In a short time, millions of infections and thousands of deaths have been reported from SARS-CoV-2 around the world. In the Dominican Republic, more than 100,000 cases have been recently reported with a case fatality ratio of 1.9% and a tendency to increase, similar to other countries of the region [23]. Owing to the ease of person-to-person transmission of SARS-CoV-2, a non-pharmacological intervention deemed ‘social distancing’ is currently being practiced to minimize the spread of the virus [24]. Conventionally, the early and sustained imposition of these interventions has been demonstrated to reduce mortality rates and flatten the epidemiologic curve significantly among varied countries, such as the United States, during the last registered pandemic in 1918 [25,26]. Currently, early interventions like social distancing have significantly limited the effects and slowed the transmission of COVID-19 in its stage of the epidemic in mainland China [27] and New Zealand [28]. Among the Caribbean, the Dominican Republic has adopted the mandatory usage of nose masks in public places, as well as the suspension of small businesses, public transportation, and a 10 hours’ curfew (7 p.m.-5 a.m.) as an additional measure to strengthen the social distancing protocols in an attempt to flatten the epidemiologic curve [29]. Despite these measures to contain the spread of the virus, some rule-breaking events have still occurred [30,31].

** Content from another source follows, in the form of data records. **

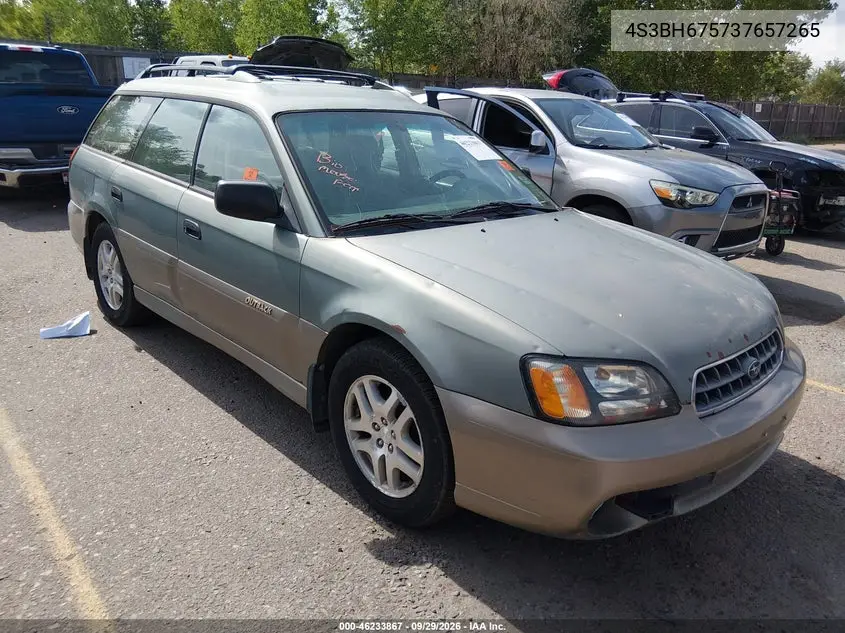 SUBARU OUTBACK 2003, VIN 4S3BH675737657265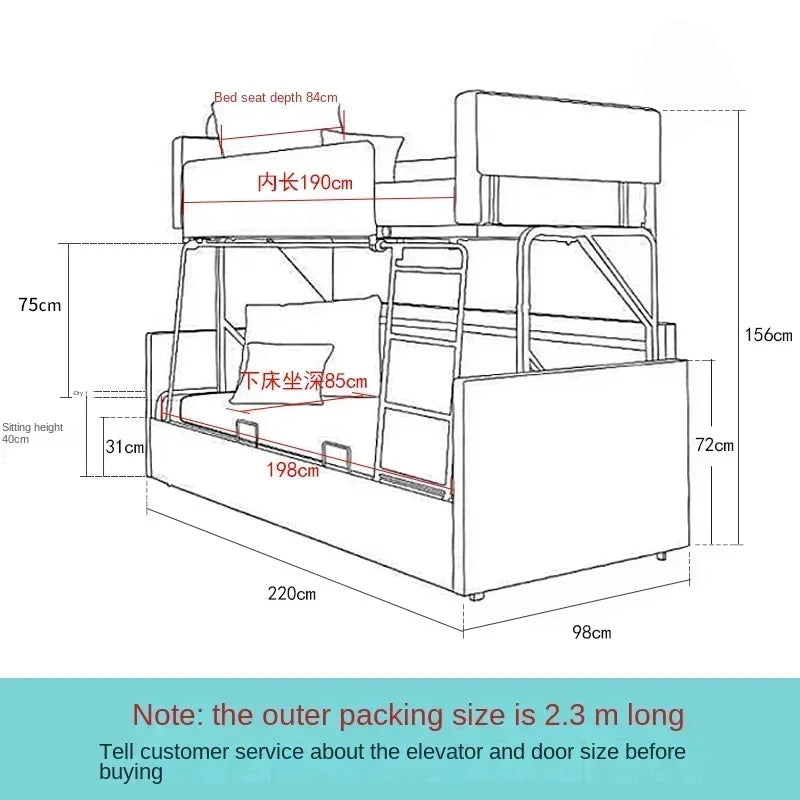 Smart Foldable Bunk Bed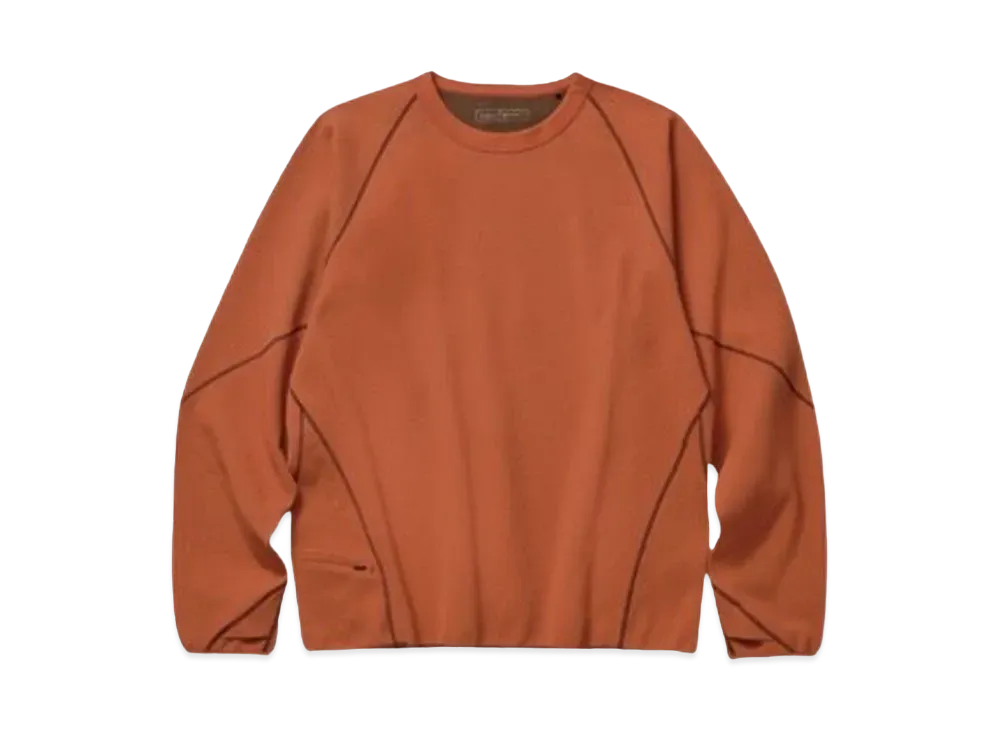 Goldwin 0 Helicoid Sleeve Waffle Top (Unisex) "Clay"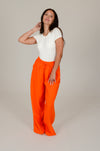 Orange Casual Pants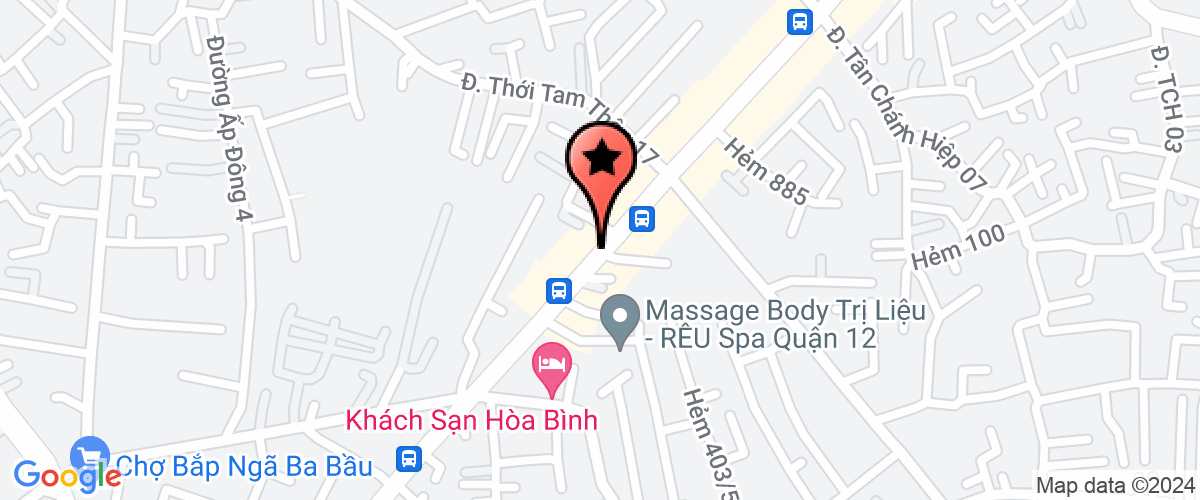 Map go to Hoang Minh Hair Cut Private Enterprise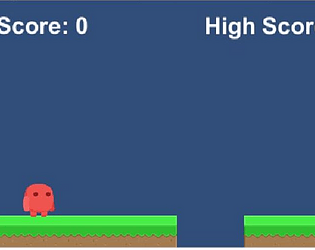 A curious endless runner game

Various observational studies have been performed to assess the knowledge, attitudes, and perceptions about COVID-19 among healthcare workers and the general populace, and some of them assess the perception and knowledge about the origin of COVID-19 and social distancing [32–35], yet very little literature exists on the relationship between an individual’s understanding of social distancing and their perceptions regarding the origin of SARS-CoV-2; the controversy revolving around the origin of COVID-19 in the mass media may be influencing the perceptions and knowledge about social distancing of the general population. This study sheds light on this issue and therefore was conducted to verify the hypothesis.
Materials and methods
Study area and sampling technique
This web-based cross-sectional study was conducted among five provinces of the Dominican Republic population from June to July 2020. The research protocol was approved by ETIKOS, an ethical committee of the network of institutional review boards of the National Council of Bioethics of the Dominican Republic (CONABIOS) under the registration number CEI-E-2020-04 effective on June 4th, 2020. Written informed consent in electronic format, corresponding to the first pages of the data collection instrument, was sought from the participants before recruitment for this study. The data collection instrument was an online administered questionnaire. According to the National Statistical Office of the Dominican Republic (ONE, for its acronym in Spanish), as of 2020, the estimated total population of the country is 10,448,499. The five provinces included in the study were described as the Ozama region (comprising Santo Domingo and the National District) Santiago, La Vega, and Duarte, that comprise, in conjunction, a total population of 4,986,611 [36]. These areas were chosen due to the significant mortality trend from COVID-19 throughout the pandemic [37]. Also, the National District is a subdivision of the country that encloses the capital city, while Santiago represents the second most important metropolitan province of the Dominican Republic. On the other hand, La Vega and Duarte provinces comprise two of the most important provinces of the North region due to their economic development [36]. Overall, a total of 1195 participants who completed the survey questionnaire were included in the study. Purposive sampling was adopted for participants’ recruitment from the targeted provinces (S1 Fig).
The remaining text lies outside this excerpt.